Bitcoin surpasses $89,000: Market structure is changing despite selling pressure and outflows

Short-term rally and quick correction — signs of overheating

Bitcoin started the session with clear momentum, reaching a high of $90,500 before dropping to $87,600 within just a few minutes. The one-hour chart analysis shows that the move began at resistance at $87,865, where the price broke previous daily highs. However, the breakout was halted within a narrow resistance band between $90,298 and $90,552 — an area that has repeatedly suppressed upward potential in recent weeks.

The selling pressure was swift. As BTC hit this key level, selling pressure increased dramatically, bringing the price back down to $87,600 within minutes. The average daily price of BTC was around $90.20K, but intra-session changes were significant — from a high of $93.38K to a low of $89.86K, with a 24-hour decline of -3.36%.

The RSI indicator reached a value of 89 during the rally, signaling extreme market overheating. After rejection at the RSI resistance, it quickly fell into the high thirties, confirming strong selling activity. Increased volume during the decline (compared to the initial rise) suggested that more activity was coming from bears.

Despite the dramatic daily low, the price remained above support at $87,066–$86,611, indicating that the intraday structure did not completely break down. This pattern suggests a market that overheated too quickly, rather than a typical trend reversal.

ETF outflows and changing trader behavior on the spot market

Market flow data added another layer to the picture. Outflows from ETFs approaching $1 billion indicate weaker institutional demand. Meanwhile, balances on exchanges continue to decline — December showed systematic net outflows, with only two days (on December 3 and 19) characterized by net inflows of about $40 million and $26 million, respectively.

This pattern suggests that BTC holders are more interested in transferring assets off trading platforms than providing liquidity. This is characteristic of long-term positioning, where traders move assets into self-custody wallets rather than actively trading on exchanges.

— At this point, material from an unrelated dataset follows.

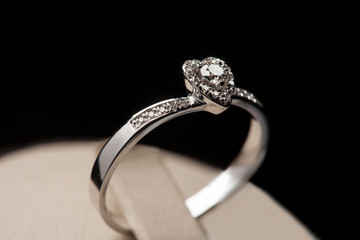 heart shaped wedding diamond ring on black background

Derivatives market — short liquidations and rising open interest

The derivatives market activity was significant. During the price increase, approximately $42.45 million in short positions were liquidated — nearly twice the amount of long liquidations ($26.99 million). The pressure forced short-sellers to close positions, helping accelerate the initial rally above $89,000.

The weighted funding rate increased to +0.00885%, suggesting that long position holders want to maintain their positions. Even more notable is the approximately 2% increase in open interest over the last 24 hours, now around $58.09 billion. This growth indicates that more traders are opening new positions rather than closing existing ones — a situation often associated with higher volatility and the risk of sudden price movements.

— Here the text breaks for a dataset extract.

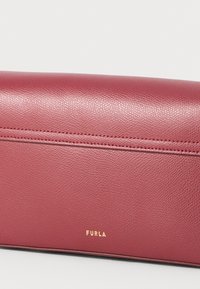 Maroon leather clutch purse with a textured surface, featuring a stitched line across the front and a gold "FURLA" logo. Smooth finish.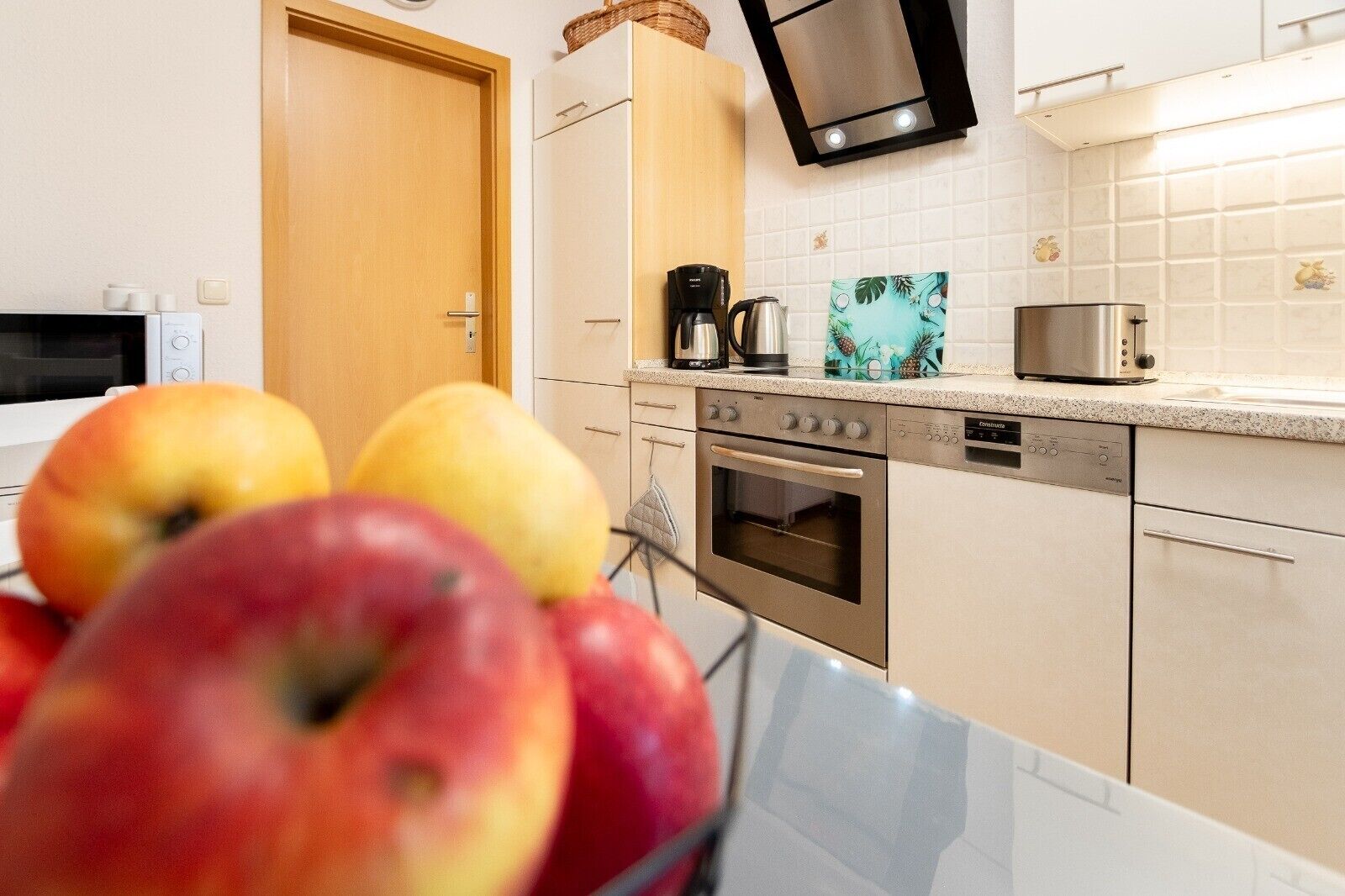 A kitchen with a microwave, stove, coffee maker, and a fruit bowl with apples.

Long-term holders remain calm — lowest sales volume of the year

The most surprising data come from on-chain analysis of long-term investor behavior. Only 2,700 BTC were sold two days ago — the lowest daily volume in all of 2025. This figure stands in stark contrast to activity in July, when daily sales ranged from 8,000 to 18,000 BTC.

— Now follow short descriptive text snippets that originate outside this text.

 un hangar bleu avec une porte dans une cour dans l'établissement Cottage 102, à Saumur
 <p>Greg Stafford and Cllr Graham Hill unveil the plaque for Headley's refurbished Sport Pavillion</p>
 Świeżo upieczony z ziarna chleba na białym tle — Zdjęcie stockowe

During previous local peaks (in March, September), long-term holders showed significant profit-taking — around 13,000 BTC and 11,000 BTC respectively. This time, despite reaching new highs, the typical profit-taking wave did not occur.

Such low selling volume among hodlers indicates growing confidence among long-term investors to hold BTC. The lack of selling pressure from this group is a sign that demand fundamentals remain stable, regardless of short-term price fluctuations.

Summary: structure is changing, but fundamentals remain intact

Bitcoin broke above $89,000, marking a structural change on the chart, even though it did not sustain earlier gains. Outflows from ETFs and the updated $90.20K price reflect mixed investor sentiment, but on-chain data reveal a different story — long-term holders have mobilized around current levels and are not mass profit-taking.

The combination of rising open interest, low selling volumes among hodlers, and stable exchange balances suggests the market is preparing for further oscillations. Technical measures indicate potential volatility — RSI has reached extreme levels, and volume on bearish moves was dominant. In the short term, pressure may persist, but broader demand fundamentals remain solid.